» Records supplied
☆ ☆ ☆ ☆
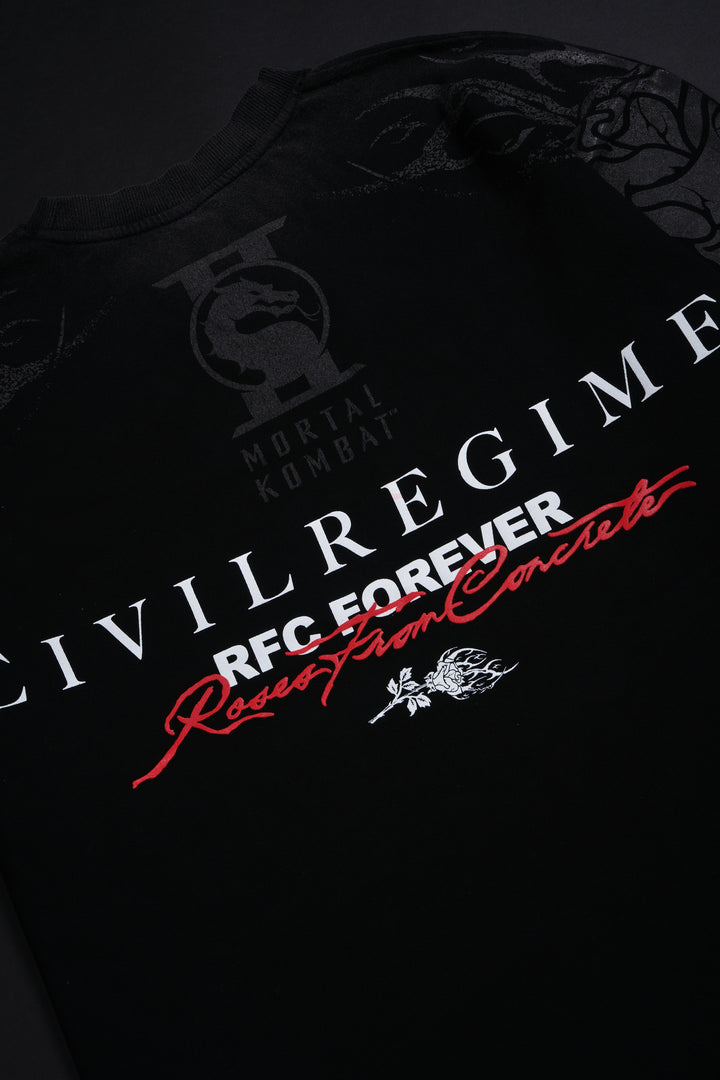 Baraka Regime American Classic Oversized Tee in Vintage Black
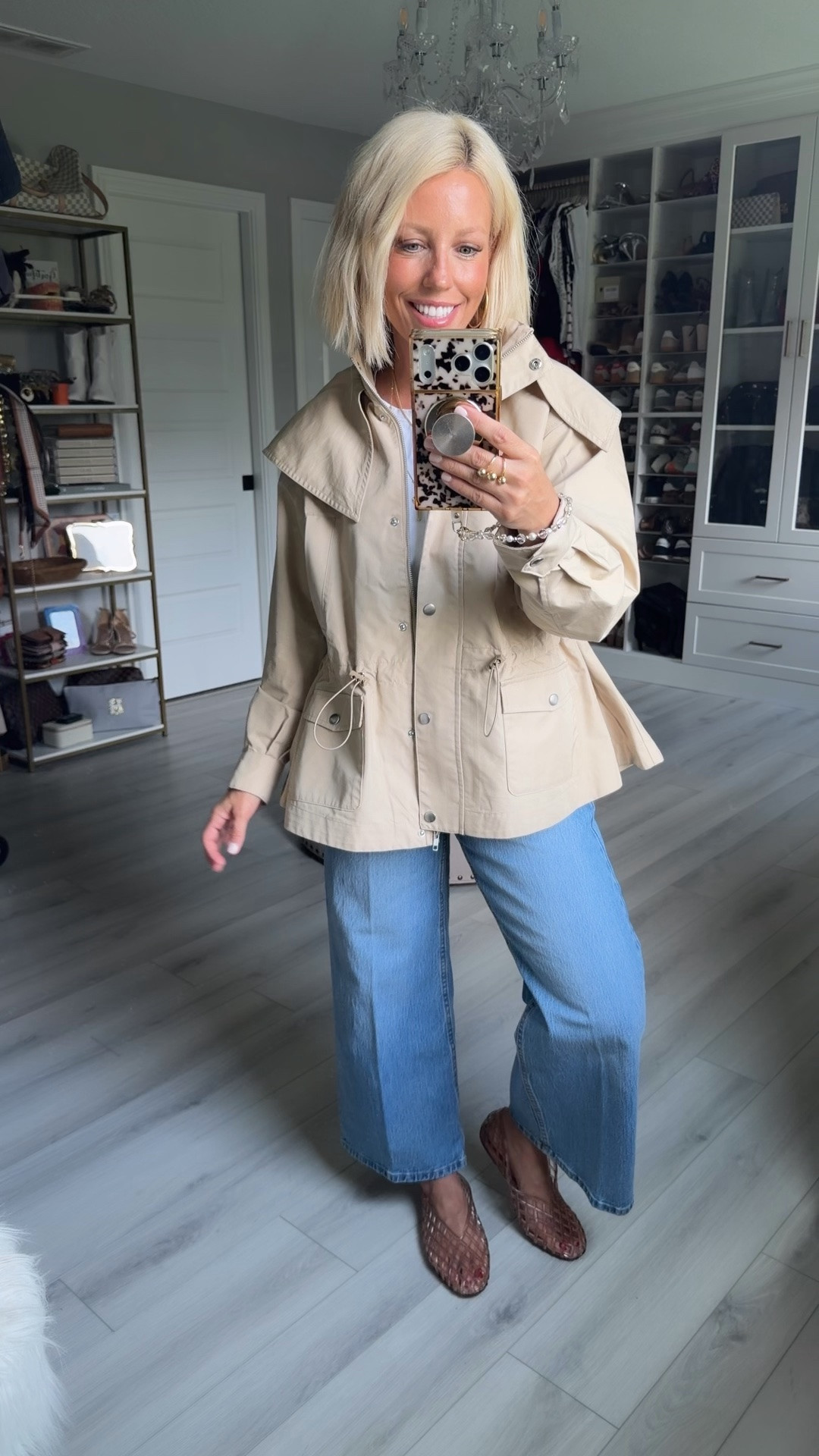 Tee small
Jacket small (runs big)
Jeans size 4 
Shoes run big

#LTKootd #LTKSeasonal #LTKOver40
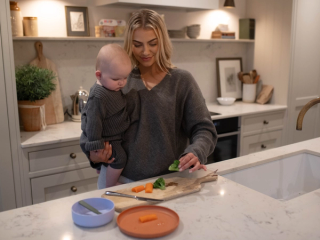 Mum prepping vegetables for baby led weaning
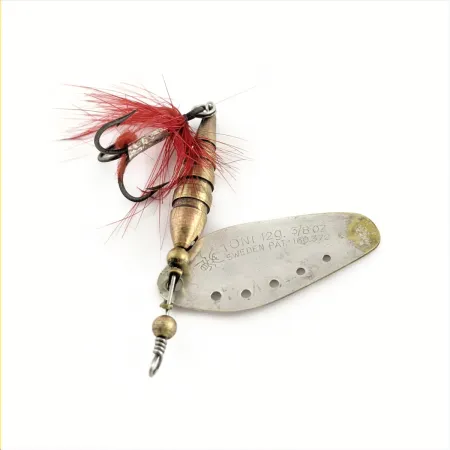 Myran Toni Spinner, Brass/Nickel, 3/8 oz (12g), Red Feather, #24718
☆ ☆ ☆ ☆
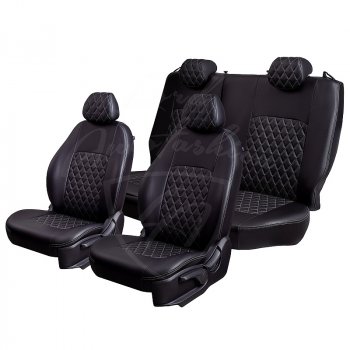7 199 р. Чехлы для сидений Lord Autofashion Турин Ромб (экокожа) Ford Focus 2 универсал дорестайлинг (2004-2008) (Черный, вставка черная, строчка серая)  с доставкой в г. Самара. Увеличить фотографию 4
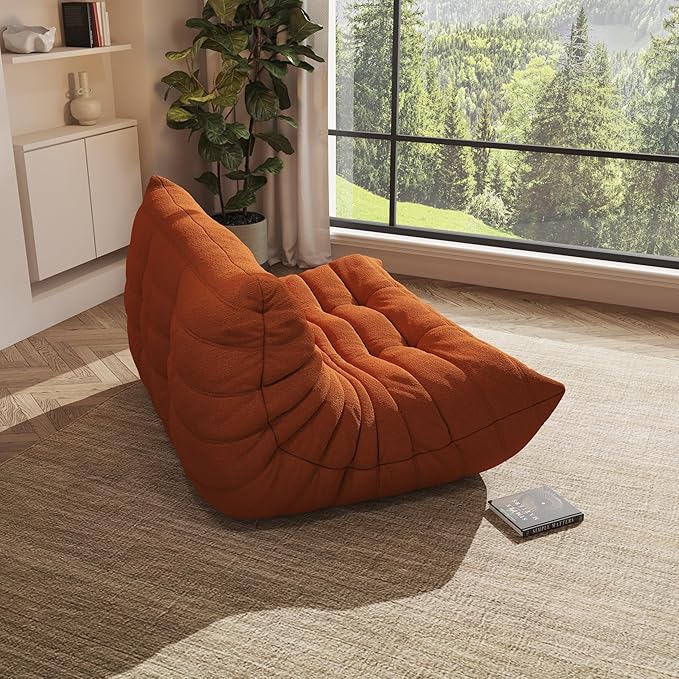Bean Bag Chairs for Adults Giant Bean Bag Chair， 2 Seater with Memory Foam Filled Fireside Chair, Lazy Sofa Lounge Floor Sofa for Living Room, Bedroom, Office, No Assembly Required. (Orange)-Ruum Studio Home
☆ ☆ ☆ ☆
» Brief
What is needed is an exact copy of only the lines above from the one with "Baraka Regime American" to the one with "Myran Toni Spinner, Brass/Nickel, 3/8", both kept, with every picture left out.

» Task response
 Baraka Regime American Classic Oversized Tee in Vintage Black
 Tee small
Jacket small (runs big)
Jeans size 4 
Shoes run big

#LTKootd #LTKSeasonal #LTKOver40
 Mum prepping vegetables for baby led weaning
 Myran Toni Spinner, Brass/Nickel, 3/8 oz (12g), Red Feather, #24718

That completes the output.